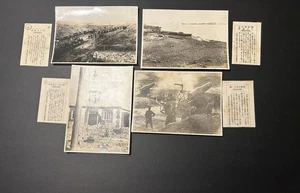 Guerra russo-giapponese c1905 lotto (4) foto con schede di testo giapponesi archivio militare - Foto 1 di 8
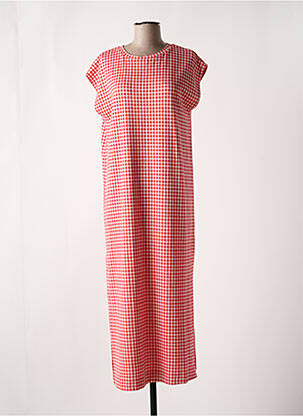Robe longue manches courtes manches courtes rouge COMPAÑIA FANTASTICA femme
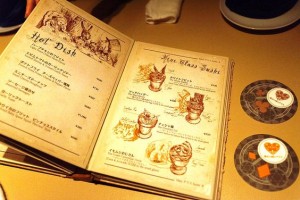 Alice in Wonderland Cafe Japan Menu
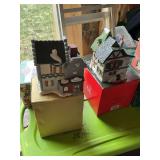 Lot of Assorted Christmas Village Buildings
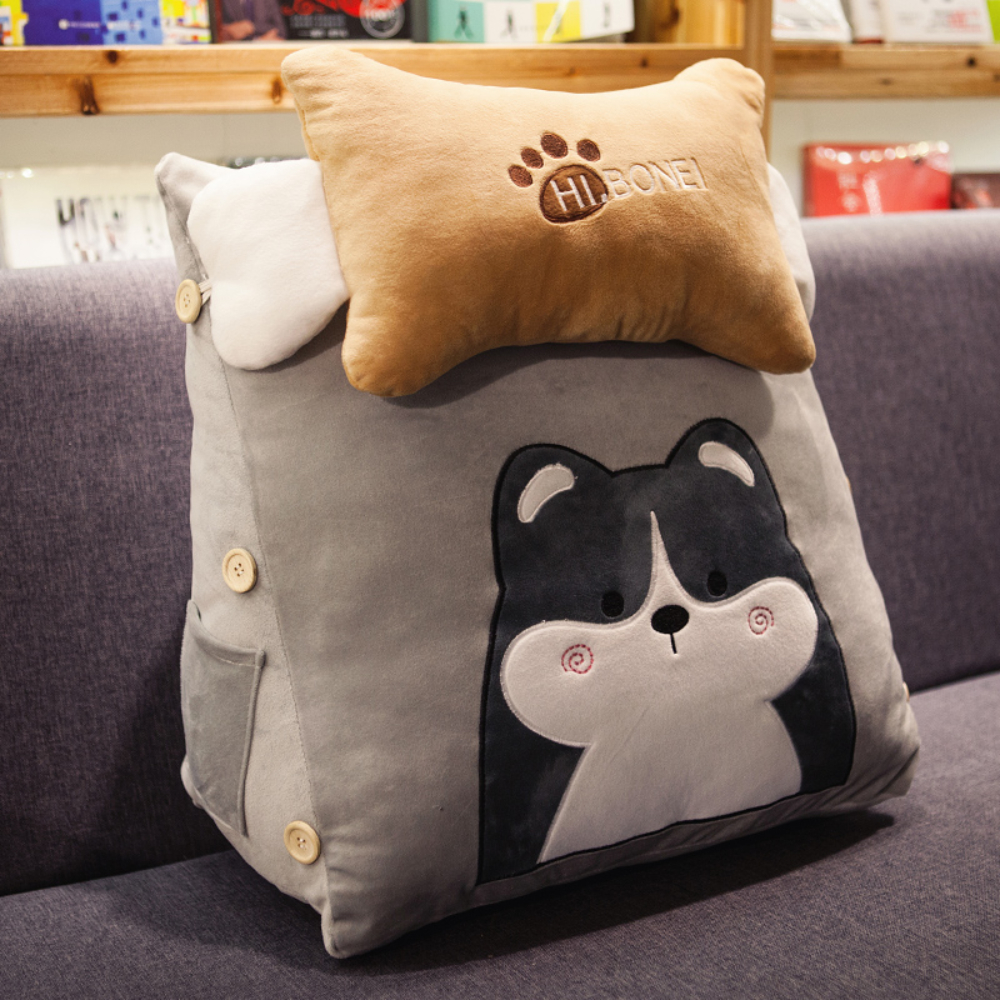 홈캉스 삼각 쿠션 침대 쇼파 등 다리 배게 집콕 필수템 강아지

* * *

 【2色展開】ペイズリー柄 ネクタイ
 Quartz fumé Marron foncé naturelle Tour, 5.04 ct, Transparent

---

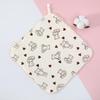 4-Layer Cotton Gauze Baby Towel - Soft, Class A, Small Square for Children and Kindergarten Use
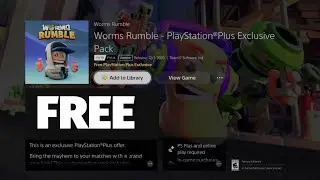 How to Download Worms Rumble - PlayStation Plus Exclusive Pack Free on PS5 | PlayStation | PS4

▶ Task statement: Return exactly the stretch above whose first line contains "Guerra russo-giapponese c1905" and whose last line contains "홈캉스 삼각 쿠션 침대 쇼파 등 다리 배게 집콕 필수템 강아지", and nothing outside it. The pictures should not appear.

▶ Written answer:
 Guerra russo-giapponese c1905 lotto (4) foto con schede di testo giapponesi archivio militare - Foto 1 di 8
Robe longue manches courtes manches courtes rouge COMPAÑIA FANTASTICA femme
 Alice in Wonderland Cafe Japan Menu
 Lot of Assorted Christmas Village Buildings
 홈캉스 삼각 쿠션 침대 쇼파 등 다리 배게 집콕 필수템 강아지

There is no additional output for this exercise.